Overweighting high-yield asset classes like commercial property and high-dividend equities can be risky because they tend to have large drawdowns, especially during stressful market conditions. During the financial crisis, global real estate investment trusts lost 56% in value and UK equity income assets lost 47%. The drawdowns in emerging market bonds were significantly lower at 14%, according to Okusanya.

Natural yield in a low-yield environment

Deriving an income from natural yield is particularly difficult in the current economic environment of low interest rates on cash and poor yields on fixed interest products. Even if you find a high yielding product, much of the yield will be wiped out by inflation.

Patrick Connolly, head of communications at financial advice firm Chase de Vere, says investors are effectively being forced to take more risk to generate the same level of income.

‘It was previously considered possible to hold a balanced and diversified investment portfolio, including equities, property, fixed interest and cash, and to generate a natural income of around 5% per annum. This is no longer the case,’ he states.

Instead of searching for high yielding assets, Connolly says a better approach is to focus on long-term asset allocation by holding a diversified investment portfolio with an acceptable level of overall risk. If this doesn’t generate enough natural income, you can top this up by making capital withdrawals rather than looking for riskier income options.

This is akin to the ‘total return’ investment approach, which ignores the difference between capital growth and dividends. It seeks to draw income from both in a sustainable way.

Is natural yield suitable for anyone?

Generating a natural income to cover your expenditure might work well if you have realistic income targets and are prepared to take some investment risk. However, you will need a very large pension pot in the first place to be able to generate a big enough yield.

‘If you’re wealthy and your pension isn’t your sole source of income then natural yield could have a role to play. In addition, it might be suitable for someone who has a different agenda – for example constructing their portfolio in the most tax-efficient manner,’ says Jon Wingent, head of portfolio specialists at Lloyds Wealth Investment Office.

Even then, Wingent says investors need to remember that yields can change quickly and significantly. If a stock has an unusually high yield it could be a sign the market is saying the  dividend is unsustainable and could be scrapped.

Retirees should think about their capacity for loss and how much money they really need to live on.

‘While income generation will be a key financial goal for many people it doesn’t make sense to try and produce an unrealistically high level of income if this means compromising on your asset allocation strategy and taking excessive levels of risk.

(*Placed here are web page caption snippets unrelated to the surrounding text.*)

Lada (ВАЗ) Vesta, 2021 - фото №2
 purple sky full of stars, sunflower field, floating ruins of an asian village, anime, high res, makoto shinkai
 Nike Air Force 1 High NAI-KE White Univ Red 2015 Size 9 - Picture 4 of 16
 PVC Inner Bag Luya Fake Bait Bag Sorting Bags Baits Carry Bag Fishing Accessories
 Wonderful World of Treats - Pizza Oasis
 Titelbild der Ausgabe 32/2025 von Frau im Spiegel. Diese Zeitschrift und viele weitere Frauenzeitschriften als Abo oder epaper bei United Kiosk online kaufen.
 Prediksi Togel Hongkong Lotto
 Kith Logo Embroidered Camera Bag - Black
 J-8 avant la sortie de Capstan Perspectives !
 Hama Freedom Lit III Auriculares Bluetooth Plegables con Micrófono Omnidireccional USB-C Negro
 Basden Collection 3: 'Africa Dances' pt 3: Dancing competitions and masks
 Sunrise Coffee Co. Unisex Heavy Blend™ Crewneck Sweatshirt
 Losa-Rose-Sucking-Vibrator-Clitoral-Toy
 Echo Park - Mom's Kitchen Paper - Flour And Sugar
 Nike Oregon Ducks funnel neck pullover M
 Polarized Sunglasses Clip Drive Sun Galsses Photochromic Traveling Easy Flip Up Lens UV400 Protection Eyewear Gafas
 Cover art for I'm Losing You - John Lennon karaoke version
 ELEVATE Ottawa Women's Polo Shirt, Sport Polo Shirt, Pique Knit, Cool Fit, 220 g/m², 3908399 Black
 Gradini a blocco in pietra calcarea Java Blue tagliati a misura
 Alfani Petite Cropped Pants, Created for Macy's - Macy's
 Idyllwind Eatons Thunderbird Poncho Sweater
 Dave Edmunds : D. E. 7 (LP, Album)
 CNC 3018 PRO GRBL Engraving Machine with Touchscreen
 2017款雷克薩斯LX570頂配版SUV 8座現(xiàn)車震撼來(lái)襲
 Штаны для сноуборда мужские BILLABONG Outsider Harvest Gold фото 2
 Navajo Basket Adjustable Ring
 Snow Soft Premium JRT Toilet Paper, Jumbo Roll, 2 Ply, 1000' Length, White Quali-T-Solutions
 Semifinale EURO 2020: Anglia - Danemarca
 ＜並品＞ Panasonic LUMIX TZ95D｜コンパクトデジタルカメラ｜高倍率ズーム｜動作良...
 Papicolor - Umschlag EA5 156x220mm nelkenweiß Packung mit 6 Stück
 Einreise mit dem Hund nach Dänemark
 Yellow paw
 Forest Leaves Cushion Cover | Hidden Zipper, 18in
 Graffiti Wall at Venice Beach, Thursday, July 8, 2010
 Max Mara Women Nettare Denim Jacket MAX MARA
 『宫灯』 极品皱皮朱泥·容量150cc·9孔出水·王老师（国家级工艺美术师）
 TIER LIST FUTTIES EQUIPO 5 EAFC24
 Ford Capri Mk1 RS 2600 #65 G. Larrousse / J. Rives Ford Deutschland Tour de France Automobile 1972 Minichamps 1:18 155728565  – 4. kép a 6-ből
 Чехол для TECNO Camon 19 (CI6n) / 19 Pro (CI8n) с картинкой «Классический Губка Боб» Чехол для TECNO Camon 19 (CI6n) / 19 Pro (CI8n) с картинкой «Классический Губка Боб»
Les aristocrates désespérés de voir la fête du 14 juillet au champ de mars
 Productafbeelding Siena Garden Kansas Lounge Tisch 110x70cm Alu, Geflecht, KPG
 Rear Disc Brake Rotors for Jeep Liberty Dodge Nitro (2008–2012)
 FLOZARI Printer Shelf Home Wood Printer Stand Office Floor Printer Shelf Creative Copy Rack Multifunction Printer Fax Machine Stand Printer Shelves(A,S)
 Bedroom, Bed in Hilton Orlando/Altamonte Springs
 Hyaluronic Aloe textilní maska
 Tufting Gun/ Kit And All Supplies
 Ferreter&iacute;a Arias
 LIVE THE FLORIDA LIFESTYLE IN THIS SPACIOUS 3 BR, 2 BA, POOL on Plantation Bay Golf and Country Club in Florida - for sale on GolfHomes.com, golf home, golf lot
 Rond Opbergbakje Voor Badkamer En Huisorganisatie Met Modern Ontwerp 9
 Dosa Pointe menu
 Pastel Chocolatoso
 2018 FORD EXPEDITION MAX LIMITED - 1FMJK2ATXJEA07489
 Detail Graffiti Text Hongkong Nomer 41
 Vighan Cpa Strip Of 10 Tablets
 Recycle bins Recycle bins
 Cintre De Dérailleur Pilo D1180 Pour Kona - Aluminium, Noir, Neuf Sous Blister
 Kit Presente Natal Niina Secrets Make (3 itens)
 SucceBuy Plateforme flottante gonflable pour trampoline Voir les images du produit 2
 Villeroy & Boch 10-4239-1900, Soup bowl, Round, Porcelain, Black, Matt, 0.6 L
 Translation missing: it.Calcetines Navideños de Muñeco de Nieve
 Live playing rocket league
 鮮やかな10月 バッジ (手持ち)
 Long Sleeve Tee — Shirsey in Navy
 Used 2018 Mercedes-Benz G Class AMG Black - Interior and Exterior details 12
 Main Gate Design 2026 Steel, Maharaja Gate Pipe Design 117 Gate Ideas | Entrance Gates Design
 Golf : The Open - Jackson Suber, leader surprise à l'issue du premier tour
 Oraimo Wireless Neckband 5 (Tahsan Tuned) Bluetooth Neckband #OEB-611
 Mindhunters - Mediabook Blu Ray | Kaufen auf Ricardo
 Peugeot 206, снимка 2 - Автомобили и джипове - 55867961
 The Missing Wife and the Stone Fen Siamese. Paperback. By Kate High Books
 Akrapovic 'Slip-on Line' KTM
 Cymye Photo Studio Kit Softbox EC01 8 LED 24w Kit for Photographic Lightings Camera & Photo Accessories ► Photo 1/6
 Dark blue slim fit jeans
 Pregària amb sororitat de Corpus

‘Those who do this might have a solution which works in the short-term, but could very easily be storing up problems for the future in terms of volatile investment performance and potentially significant capital losses,’ warns Connolly.

Best of both worlds

Whichever retirement income strategy you choose, it can be sensible to have a guaranteed level of income which at least covers your basic living costs. This guaranteed income is likely to come from defined benefit pension schemes, the state pension and annuities.

‘A guaranteed income can be secured via the state pension and an annuity to cover basic living costs and needs. Investment income, either via income drawdown or other investments, can then be used to fund more discretionary spending which in itself is more variable. This combination of certain income and variable income in retirement is likely to be a good strategy for most people,’ says Mould.